The letter comes after weeks of controversy over Facebook's decision to exempt political ads from its fact-checking program.

Late last month, Facebook vice president Nick Clegg defended the company's position on the grounds that it wasn't appropriate for Facebook “to referee political debates and prevent a politician’s speech from reaching its audience and being subject to public debate and scrutiny.” 



Several weeks after Clegg's statement, it emerged that the social networking platform allowed President Donald Trump to run an attack ad implying that former Vice President Joe Biden pressured the Ukraine government to fire its chief prosecutor for personal reasons.

 The ad falsely suggests that Biden wanted the prosecutor fired because he was investigating an energy company with ties to Biden's son. The Obama administration reportedly wanted the prosecutor fired for failing to investigate corruption among Ukraine's politicians.
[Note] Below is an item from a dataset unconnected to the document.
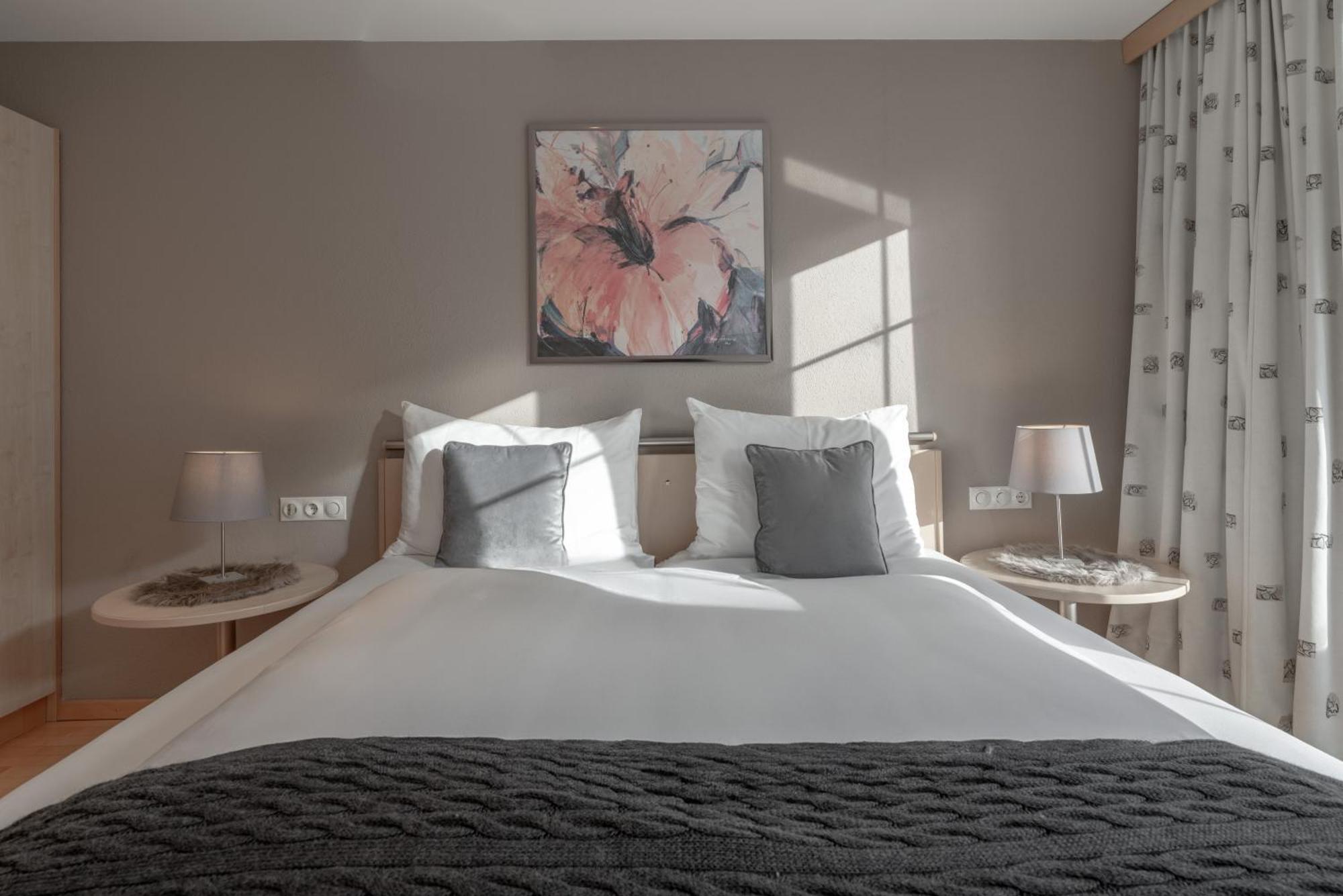Petit Madlein Bed & Breakfast Ischgl Ngoại thất bức ảnh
CNN refused to air the same ad, but Fox News ran it.

In his letter to Zuckerberg, Warner essentially argues that ads on Facebook aren't subject to the same type of public scrutiny as ads in traditional media, due to Facebook's ad-targeting tools.

“The public nature of broadcast, television, radio, print, cable, and satellite ensured a level of accountability for traditional political advertisements,” he writes. “In addition to being broadly accessible to the electorate, these communications are accessible to the press, fact-checkers, and political opponents.”

Warner adds that social media platforms “tout their ability to target portions of the electorate with direct, ephemeral advertisements -- often on the basis of private information that platform has on individual users, facilitating political advertisements that are contradictory, racially or socially inflammatory, or materially false, without the same constraints as more traditional communications mediums, and without affording opposing candidates an equal opportunity to respond directly in front of the same targeted audience.”

Around 250 Facebook employees also recently asked Facebook to rethink its refusal to fact-check political ads, and to curb politicians' ability to target their ads.

Warner is posing some specific questions to Zuckerberg, including how the company is defining politicians, and whether the company will agree to publicly post information about how political ads are being targeted.